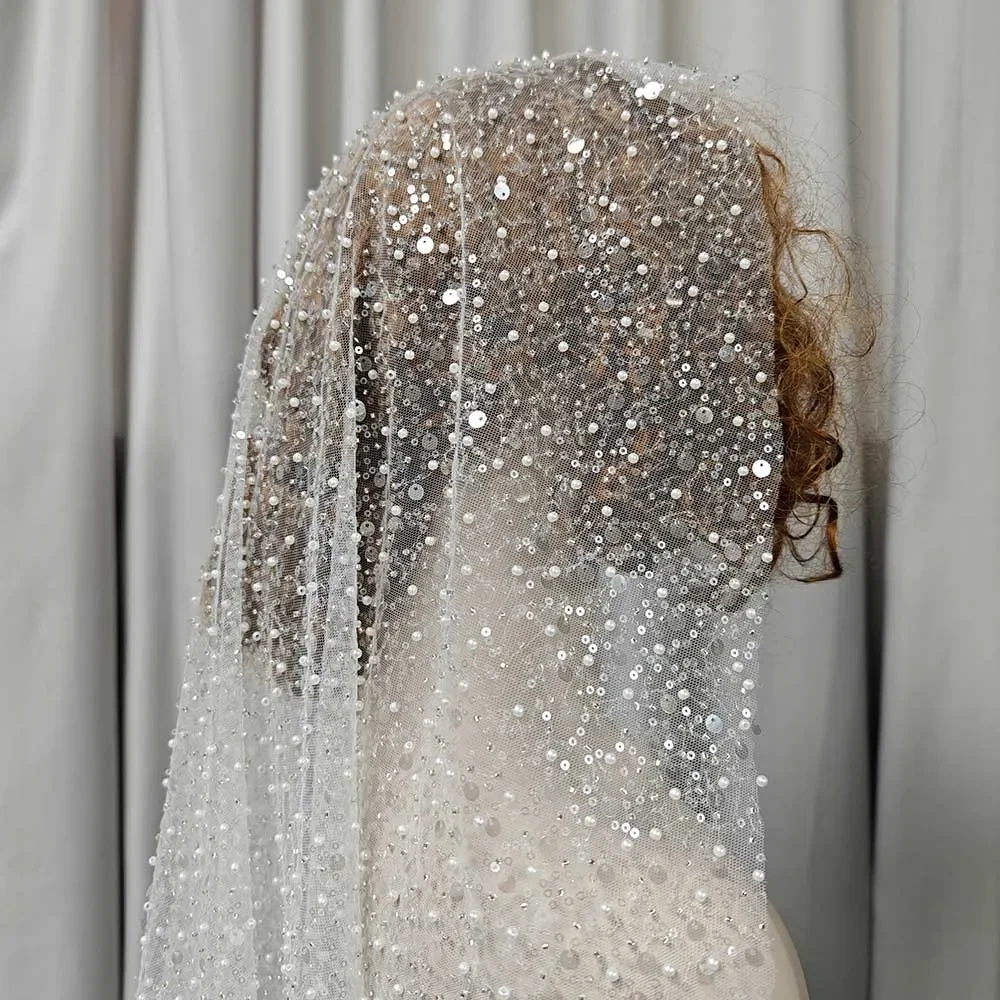 

Tailored wedding veil with pearls, sequins, pearls, measuring 2.5 meters in length, heavy Arab bridal veil with hidden comb,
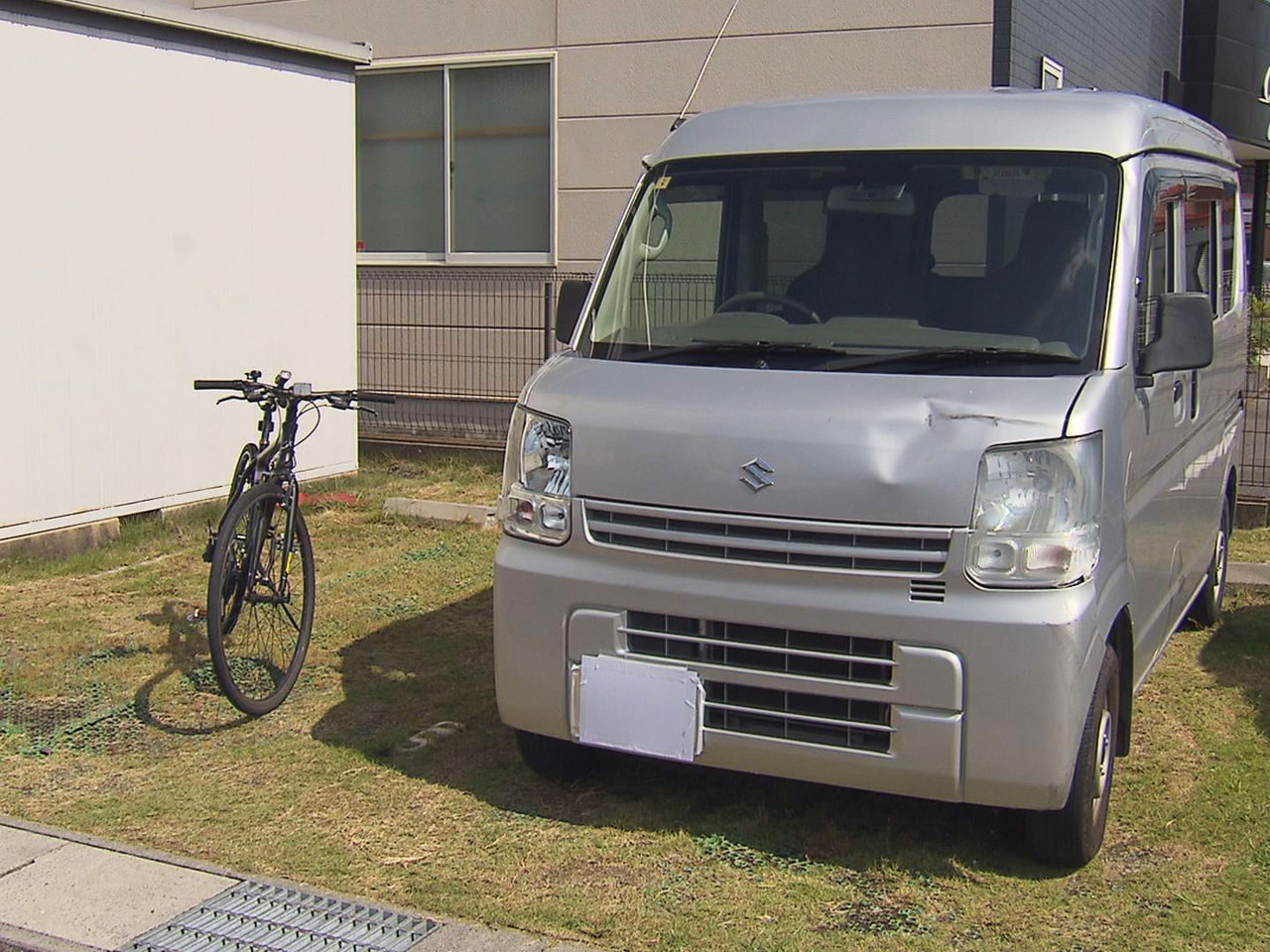 ３０日朝、岐阜市の市道で自転車の男子高校生が軽ワンボックスカーにはねられ、意識不...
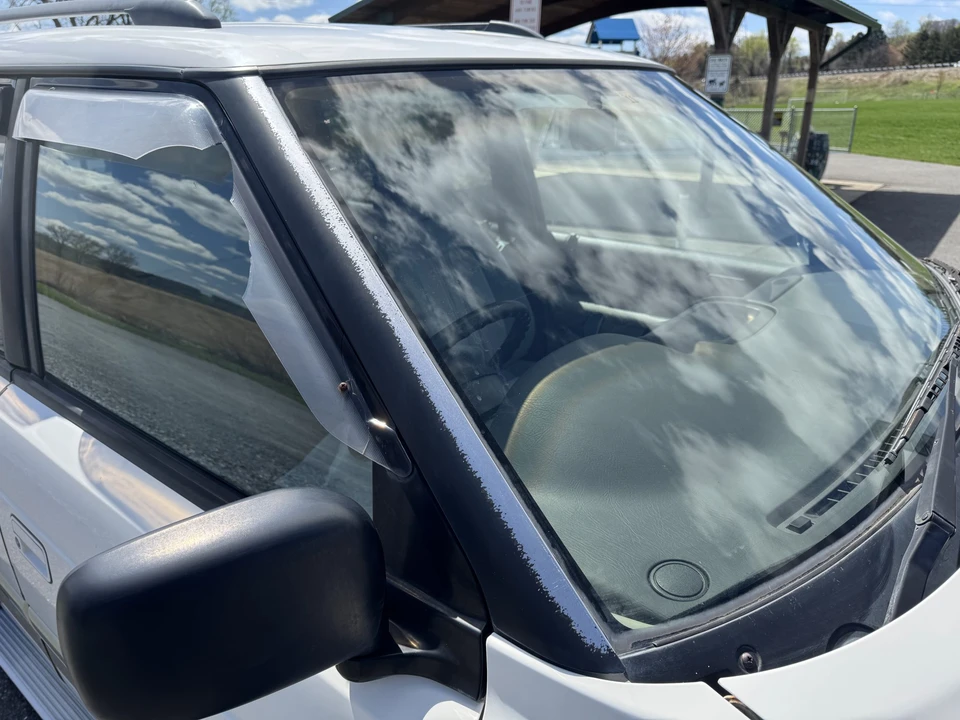 1996 Mazda MPV 1st Gen - Image 28 of 31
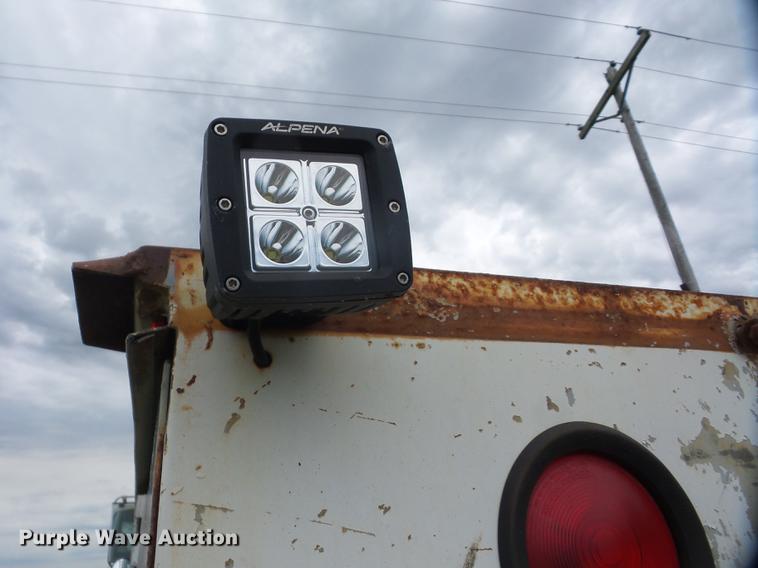 image for item J8505 1990 Mack service truck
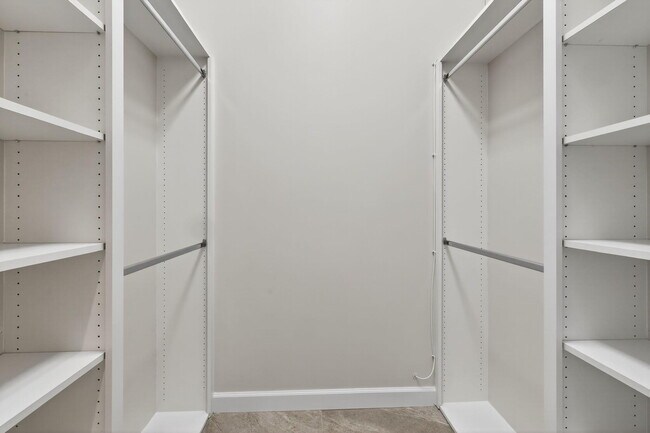 Building Photo - 8257 Rosalie Ln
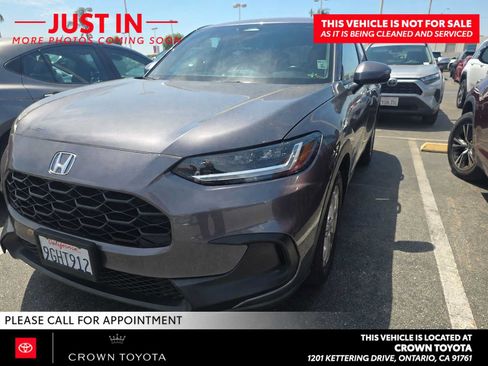 Used 2023 Honda HR-V LX image 1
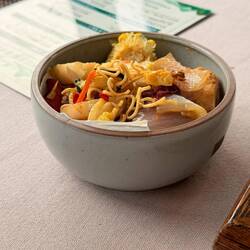 Group "throwaway" bowl at the table. 😳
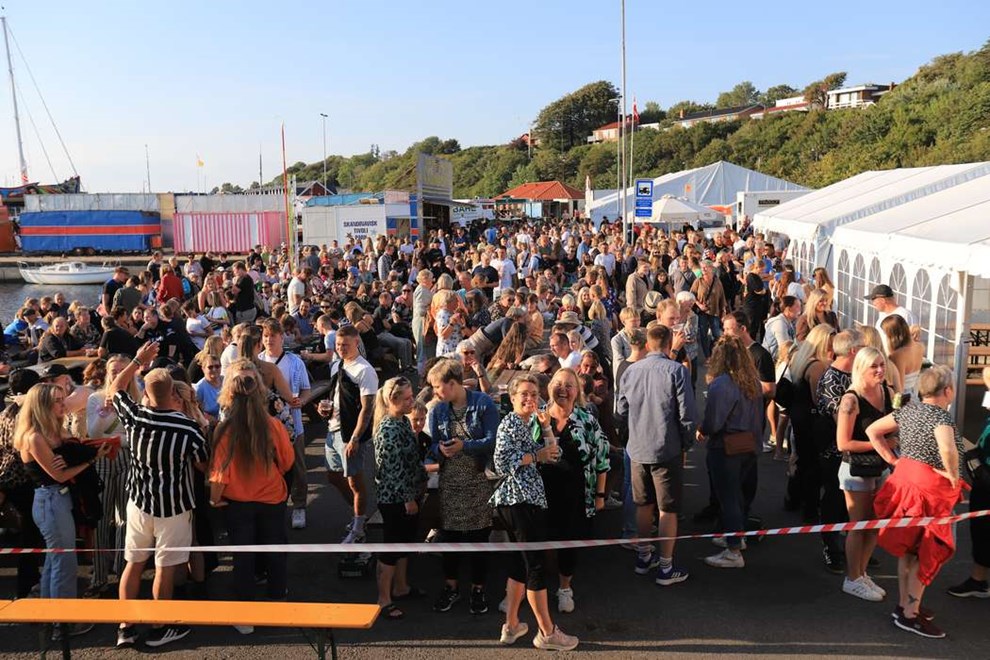 Sildefesten tr�kker mange g�ster til Hasle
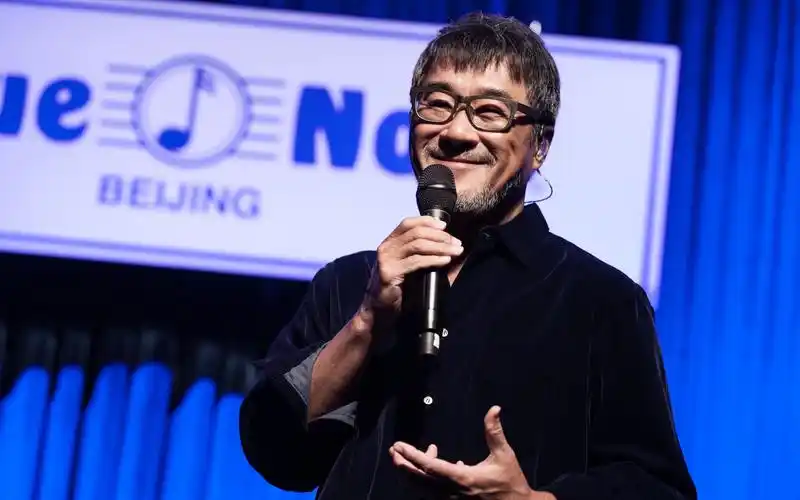 高晓松的《越过山丘》,如果是大哥李宗盛会怎么唱【泪目,这就是人生】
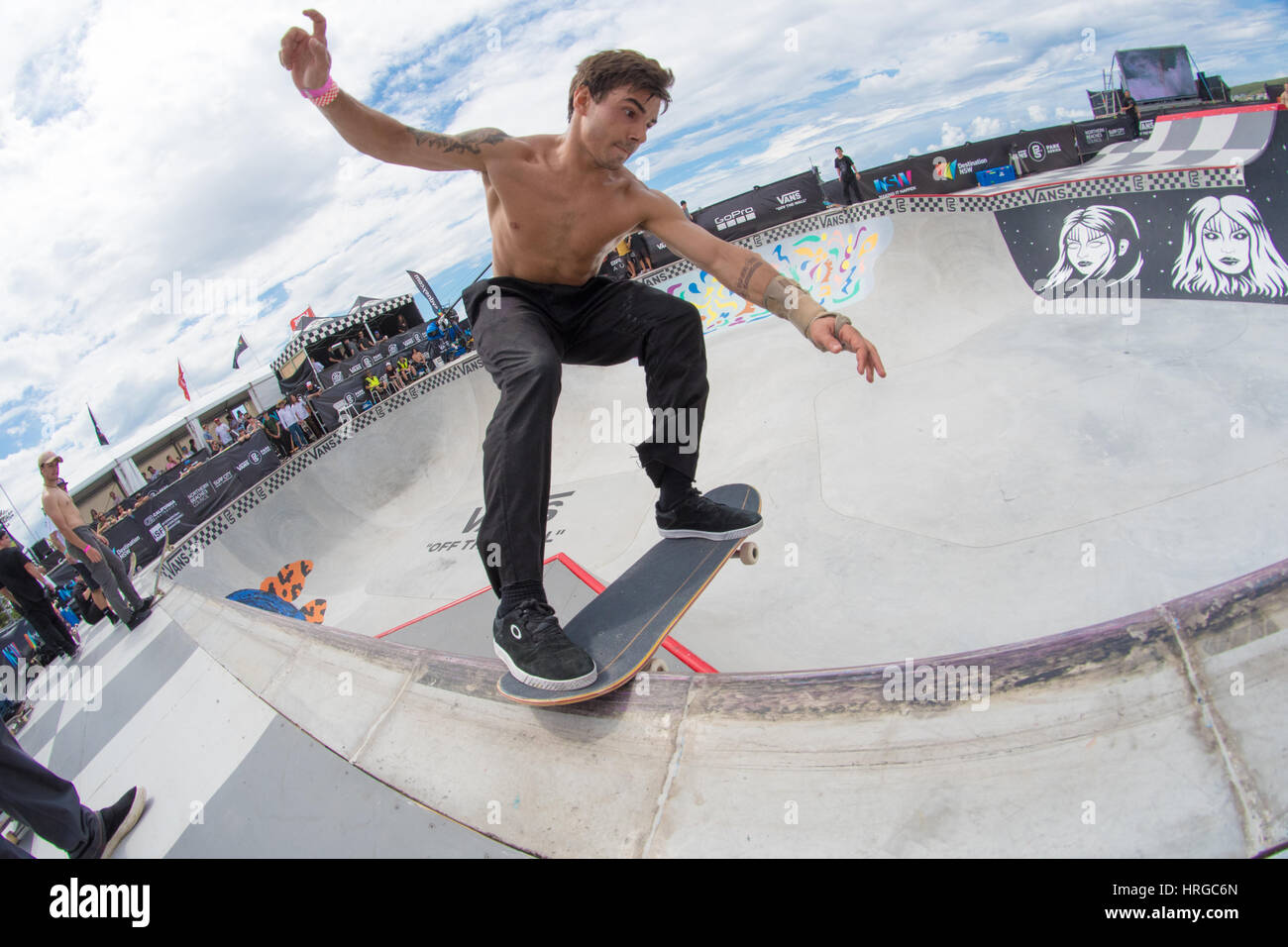 Sydney, Australia - 2 Marzo 2017: Australian Open di surf evento sportivo a Manly Beach, Australia con il surf, la BMX, pattinaggio e musica. Nella foto sono atleti preparazione / practing avanti dei furgoni Pro Serie Parco BMX / competion di pattino che si svolgerà durante la Australian Open di surf. Credito: mjmediabox/Alamy Live News Foto Stock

★ ★ ★ ★

TASK TO COMPLETE ::
Return each line above word for word. Skip the pictures.

FINISHED TASK ::
Tailored wedding veil with pearls, sequins, pearls, measuring 2.5 meters in length, heavy Arab bridal veil with hidden comb,
 ３０日朝、岐阜市の市道で自転車の男子高校生が軽ワンボックスカーにはねられ、意識不...
 1996 Mazda MPV 1st Gen - Image 28 of 31
 image for item J8505 1990 Mack service truck
 Building Photo - 8257 Rosalie Ln
 Used 2023 Honda HR-V LX image 1
 Group "throwaway" bowl at the table. 😳
 Sildefesten tr�kker mange g�ster til Hasle
 高晓松的《越过山丘》,如果是大哥李宗盛会怎么唱【泪目,这就是人生】
 Sydney, Australia - 2 Marzo 2017: Australian Open di surf evento sportivo a Manly Beach, Australia con il surf, la BMX, pattinaggio e musica. Nella foto sono atleti preparazione / practing avanti dei furgoni Pro Serie Parco BMX / competion di pattino che si svolgerà durante la Australian Open di surf. Credito: mjmediabox/Alamy Live News Foto Stock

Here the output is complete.